In summary, what are the chances that the presence of pure HTML 5 in EPUB ends up with a new fragmentation of the EPUB landscape, after fragmentations imposed by Fixed Layout EPUB (that some reading systems don’t support), Enhanced EPUB (with audiovisual content that some hardware devices don’t support), Interactive EPUB (with javascript that many reading systems refuse to support)? And what could we do to solve this fragmentation problem? This is the question the W3C Publishing Maintenance Working Group is asking the book publishing community.
So?
If this evolution is agreed, as reading system developers, we will be inclined to treat EPUB packages containing pure HTML5 differently than traditional EPUB: HTML resources will only be scrollable (no synthetic pagination using CSS columns, as this would break in many cases), and the reading system will limit how users can customise their experience. They will still certainly be able to modify the font size and spacings, but alignment, themes and other advanced settings may be inactive for pure HTML5. A mix of XHTML and pure HTML in the same EPUB package would be a practical mess: we would limit user setting for the whole publication in this case.
An indicator that the publication is “safe” vis à vis user customizations of the display would be great, but we usually cannot trust publishers’ metadata.
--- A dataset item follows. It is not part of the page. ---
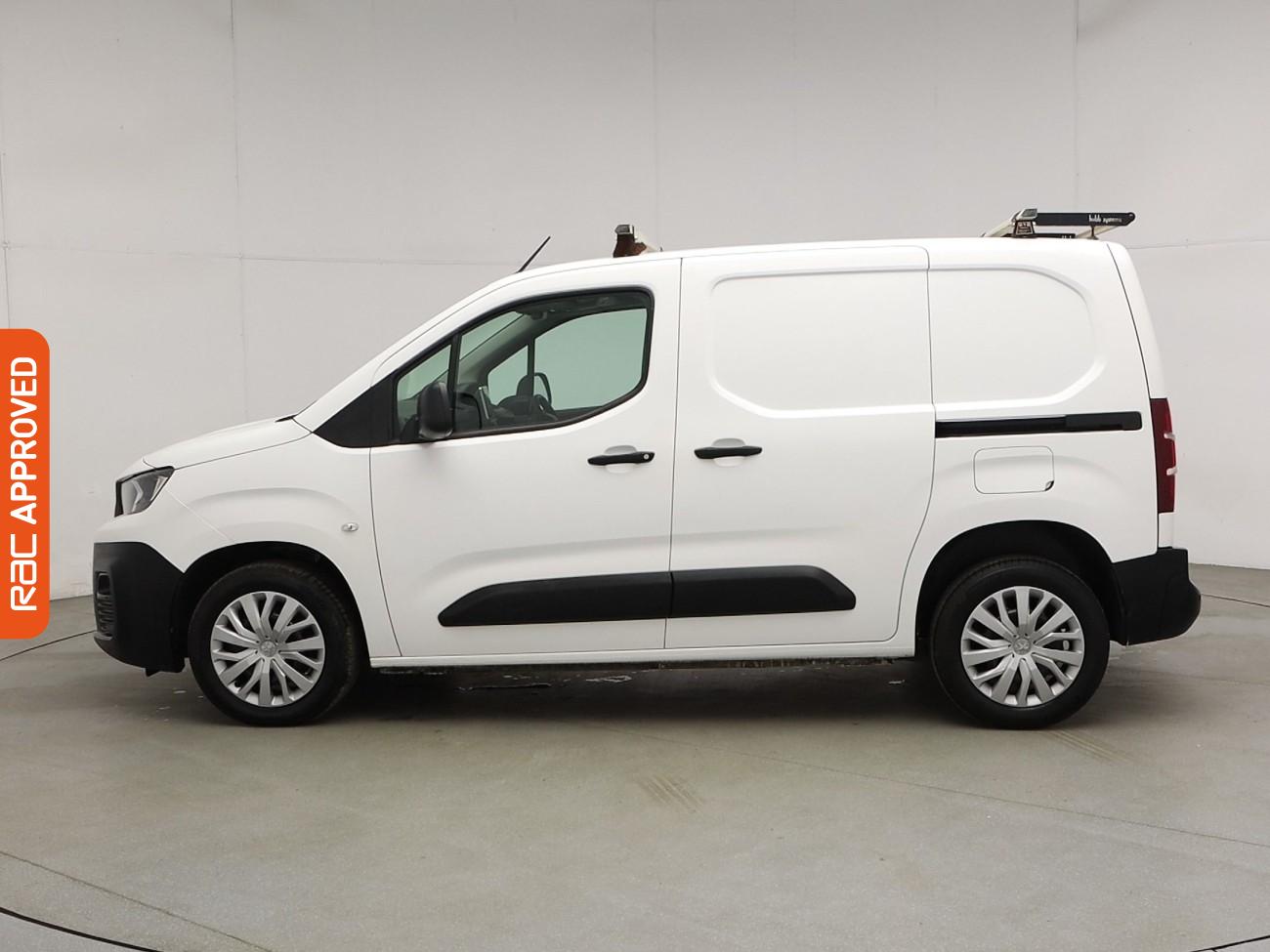 Vehicle 28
Some experts think that such evolution should be marketed as EPUB 4, certainly not EPUB 3.4. It is true that for distributors and reading systems, this is a breaking change (they MUST evolve) that they do not ask for. Problem: the ebook publishing industry is slow, the rise of EPUB 3 took 10 years, many believe that the name “EPUB 4” will be a repellant for most.
Is there is a lock, there is an alternative solution: create a standard W3C Web Publication format which supports pure HTML5, and let the publishing industry adopt it slowly. Oh, by the way, the Readium Web Publication format already supports pure HTML5, and Readium Web + Thorium Reader Web are almost ready for that.